● GIVEN INFORMATION:

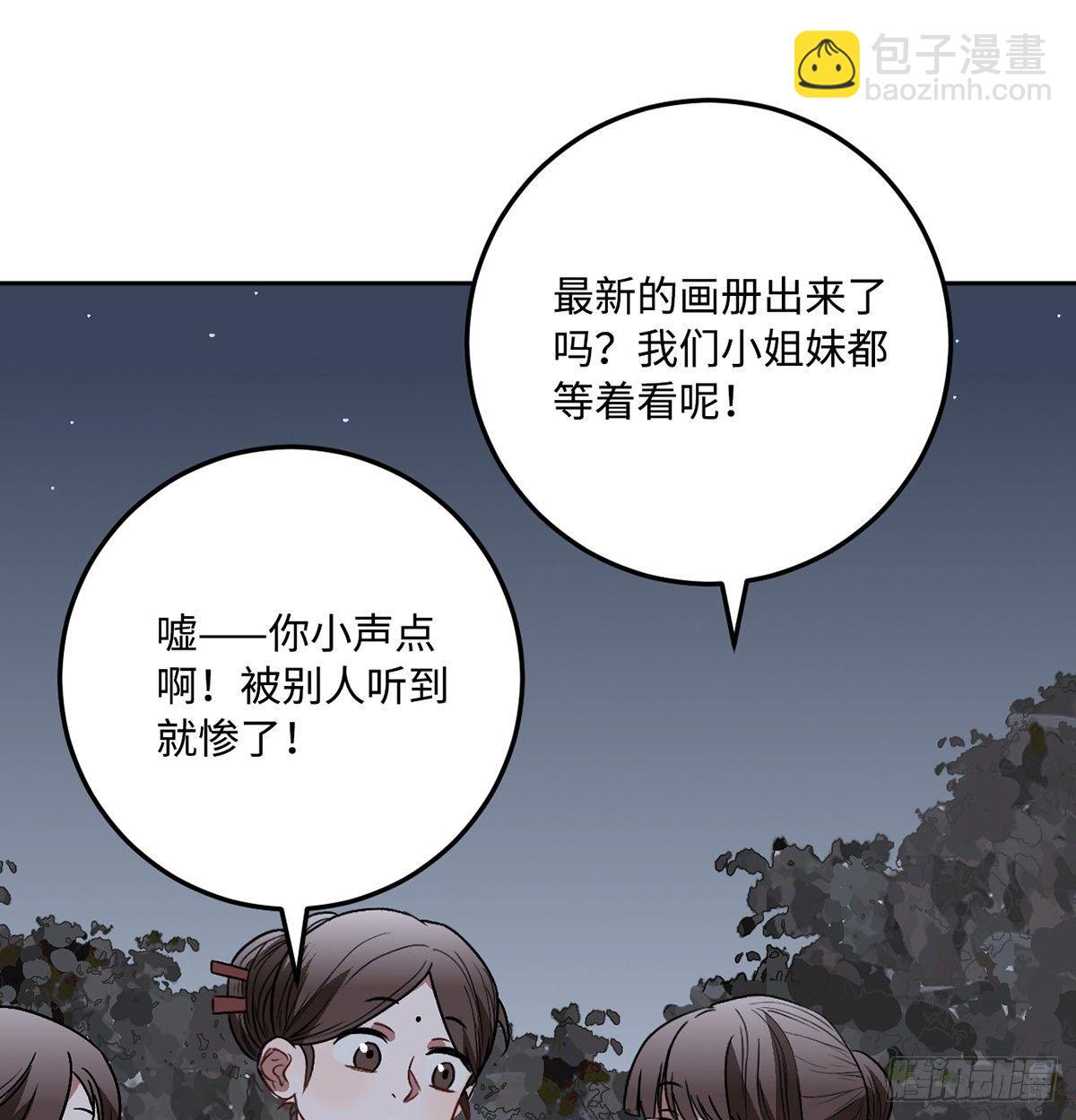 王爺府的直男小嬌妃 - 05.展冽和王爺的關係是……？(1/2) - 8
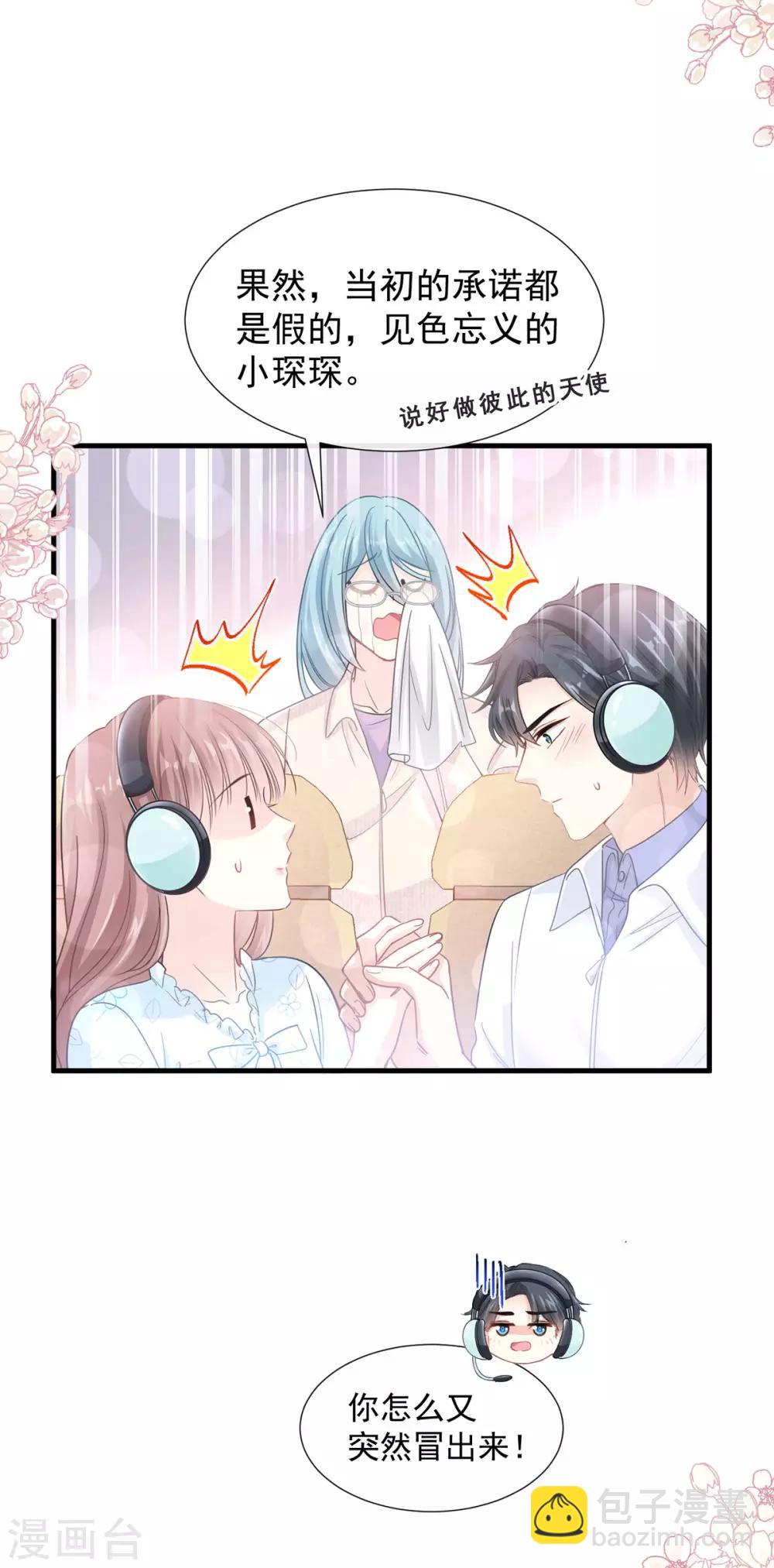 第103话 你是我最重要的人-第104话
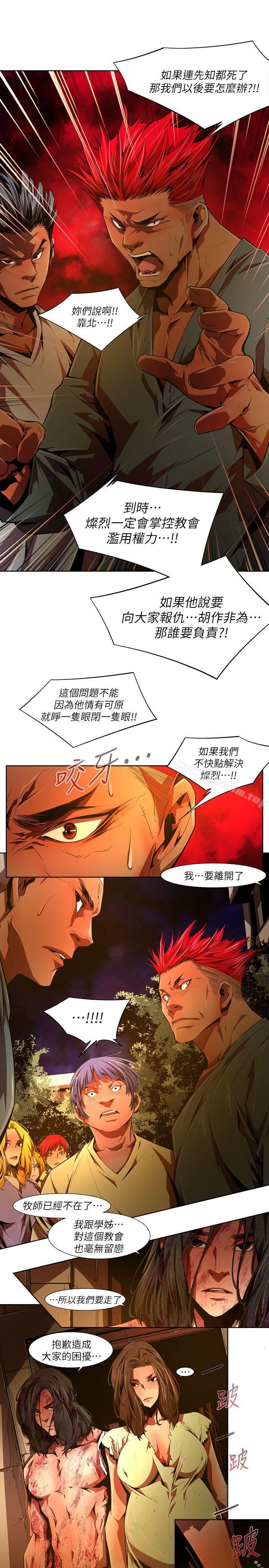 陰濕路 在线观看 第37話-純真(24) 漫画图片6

● TASK OBJECTIVE: Reproduce the material word for word. Skip every picture it holds.

● RESPONSE BOX:
 王爺府的直男小嬌妃 - 05.展冽和王爺的關係是……？(1/2) - 8
 第103话 你是我最重要的人-第104话
 陰濕路 在线观看 第37話-純真(24) 漫画图片6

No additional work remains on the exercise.